Posted March 1, 2022
Richard Looney, M.D., University of Rochester Medical Center
About 50% of adults and 80% of children with lupus will develop lupus nephritis, and between 10% to 30% of those will go on to acquire end-stage renal disease. The current lupus treatment paradigm of high-dose steroids and immunosuppressive medications has been standard for the last four decades; however, these medications often turn the acute inflammation and rapid progression of renal disease into chronic inflammation and slow, but do not stop, the still inevitable progression of end-stage renal disease. Drugs that target senescent cells (senolytic drugs) are used to rejuvenate tissues, and have the potential to improve kidney function in patients with renal disease. Senescent cells are abnormal cells that can interfere with the normal functions of surrounding cells. Accumulation of these cells is associated with poor function in multiple organs, including the heart, blood vessels, kidneys, muscles, bones and brain. Senescent cells normally accumulate as people age; however, they can also be induced by various types of stress.

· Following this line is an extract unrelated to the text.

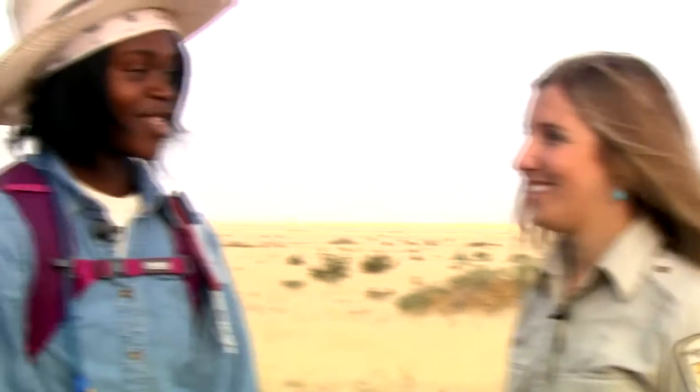Ariel, thank you so much for having us at this amazing refuge and what beautiful prairie you have. I'm wondering, what is the best part of your job? The best part of my job is being out here. This is my office and it's pretty amazing and expansive — I see new things every day.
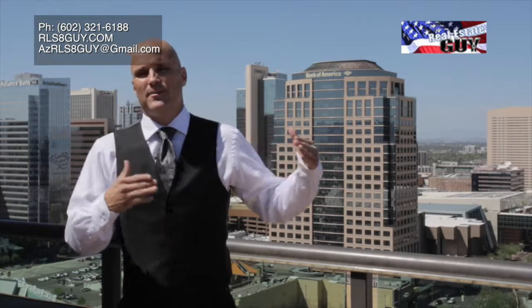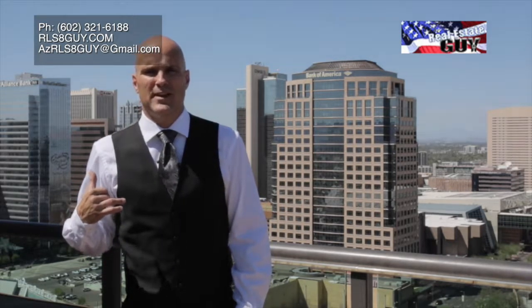Hi, it's Chris Dunn, The Real Estate Guy. Today we're in downtown Phoenix at the Summit of Copper Square. This is 23 stories tall, steel, girder and glass all the way up to the sky. It's across the street from Bank One Ball Park where the Diamondbacks play and just down the way from the Phoenix Suns.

Many senolytic drugs are already approved for human use and many cells expressing senescence have been identified in other types of chronic kidney disease, however these studies did not include patients with lupus. Dr. Richard Looney and his research team have previously identified bone marrow mesenchymal stem cells (BM-MSC) from patients with systemic lupus erythmatosis (SLE) that exhibit signs of senescence. With a Fiscal Year 2017 Lupus Research Program Concept Award, Dr. Looney aimed to evaluate the accumulation of senescent cells in lupus target tissue and to see if the senescent cells can be targeted by existing senolytic drugs.
Dr. Looney proposed that senescent tissues are increased in SLE target tissues and contribute to organ dysfunction, decreased activity and poor long term outcomes. He also hypothesized that senolytic drugs can selectively eliminate senescent cells from patients with SLE and rejuvenate these tissues, improve organ function, and promote disease dormancy. To assess these hypotheses, a variety of senolytic drugs were tested in vitro (in a test tube) on BM-MSC from SLE patients and from lupus model (NZB/W) mice. The kidney tissue of SLE patients and NZB/W mice was also examined for markers of senescence.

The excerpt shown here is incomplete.